Is this fast enough? I think the major bottleneck lies with the realloc at the end, where I trim the length. If it's not fast enough, please suggest some optimizations.
Is this compliant with how C is generally written? I'm coming from Java and have little experience with C code. I write some embedded C but that's closer to assembly than it is to this type of code.

Any further improvements are welcome.

Question 2

How fast is fast enough? Do you have any measurable requirements?

Question 3

Can you quote the original programming challenge? Otherwise I don't consider this particularly off-topic, as long as this represents the solution in its entirety.

Question 4

Alignment

This will be an easy win - use aligned_alloc instead of malloc. This is only guaranteed to be available in the standard library as of C11, which you should be using anyway.

Exponential reallocation

This:

 // gracefully extend buffer size
 nofs++;
 buf = realloc(buf, BUF_SIZE*nofs*sizeof(char));

reallocates with linear growth. Memory is cheap and CPU time is expensive, so reallocate with exponential growth instead. Choosing a growth factor is a little more involved, but growth factors of 1.5 or 2 are not uncommon.

Inner assignment

Remove the assignment-in-condition from this:

while (isspace(cc=getchar())) ;

It does not make anything faster, and is a nasty bit of C syntax that makes code more difficult to read, maintain and debug.

Use a `for`

int i=1;
while (!isspace(cc=getchar())) {
 // ...
 i++;
}

can be

for (int i = 1; !isspace(cc); i++) {
 // ...
 cc = getchar();
}

noting that an initial getchar() would need to precede this loop.

Question 5

Thanks for the answer.
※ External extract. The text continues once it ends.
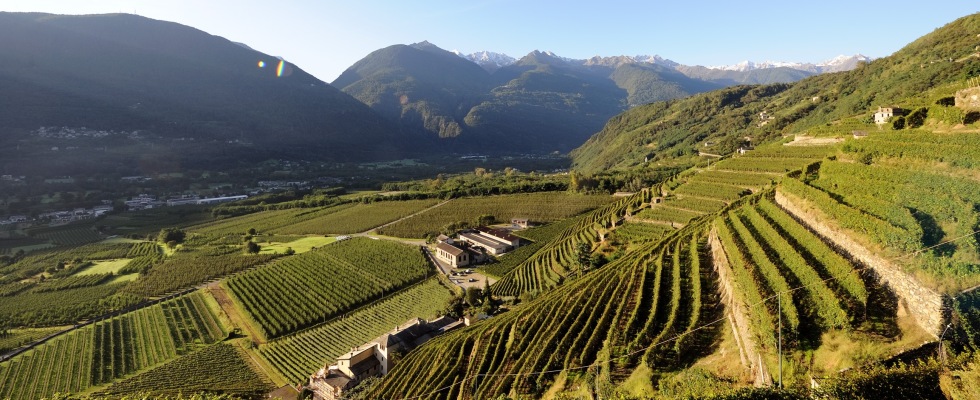 valtellina-vineyards-custom-italy-tours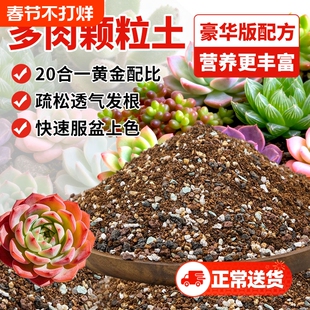 多肉专用颗粒土多肉土营养土壤种植土思威博花土盆栽纯颗粒铺面石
Using C11 is not an option - I have to stick with C99. Also, why the preference for for over while? K&R seems to use inner assignment similar to what I have done.

Question 6

Using C11 is not an option - Fine; there are other options to do aligned allocation; I will leave this as an exercise to you. K&R seems to use inner assignment - That doesn't mean that it's a good idea :) Modern practice is to discourage such a pattern, and most languages do not support such a thing for good reason.

Question 7

why the preference for for over while? - Because in this case you have a loop counter, and a for is designed specifically to frame that situation.

Question 8

Why didn't you mention checking allocated memory for NULL?

Question 9

Plain old malloc is required to return memory aligned to alignof(max_align_t) even if the space requested is smaller. That should be plenty of alignment for a short string.

Question 10

It is doubtful that the program is so long that it can't all be included, but you have made an effort to comply with the Code Review guidelines. Just be aware that comments such as // more logic here or // ... will sometimes get the question votes to close.

Complexity
You're a Java programmer so I'm going to assume you understand object oriented programming principles. While the C programming language isn't object oriented, some of the principles can be applied such as the Single Responsibility Principle as applied to functions and modules. Therefore the current function is too complex because it does too much. Input should be in either in the calling function or next_token() should consist of 2 functions, one that does input and one that parses the input for tokens.

Error Handling
There are 2 kinds of errors that can occur in this program, the first is memory allocation errors and the second is input errors. The Xalloc() functions can fail if the system has insufficient memory, while this is rare on modern computers it can still happen, especially in an embedded environment with limited memory. A call to any of the memory allocation functions should always be followed by a test to see if the pointer to the memory is NULL or not. If the pointer is NULL then the memory allocation failed and somewhere in the code the program has to decide what to do, including reporting the memory allocation error.

char* next_token() {
 char* buf = malloc(BUF_SIZE * sizeof(*buf));
 if (buf == NULL)
 {
 fprintf(stderr, "Memory allocation failed in next_token");
 return buf;
 }
 char cc;
 // consume leading whitespaces
 while (isspace(cc=getchar())) ;
 buf[0] = cc;
 int i=1;
 int nofs = 1;
 while (!isspace(cc=getchar())) {
 if (i >= BUF_SIZE*nofs) {
 // gracefully extend buffer size
 nofs++;
 buf = realloc(buf, BUF_SIZE*nofs*sizeof(*buf));
 if (buf == NULL)
 {
 fprintf(stderr, "Memory allocation failed in next_token");
 return buf;
 }
 }
 buf[i] = cc;
 i++;
 }
 // trim buffer
 buf = realloc(buf, (i+1)*sizeof(*buf));
 if (buf == NULL)
 {
 fprintf(stderr, "Memory allocation failed in next_token");
 return buf;
 }
 buf[i] = '0円';
 return buf;
}

Please note that in the above code I changed sizeof(char) to sizeof(*buf). This makes the code more maintainable because the type of buf can be changed and the memory allocations don't require additional editing.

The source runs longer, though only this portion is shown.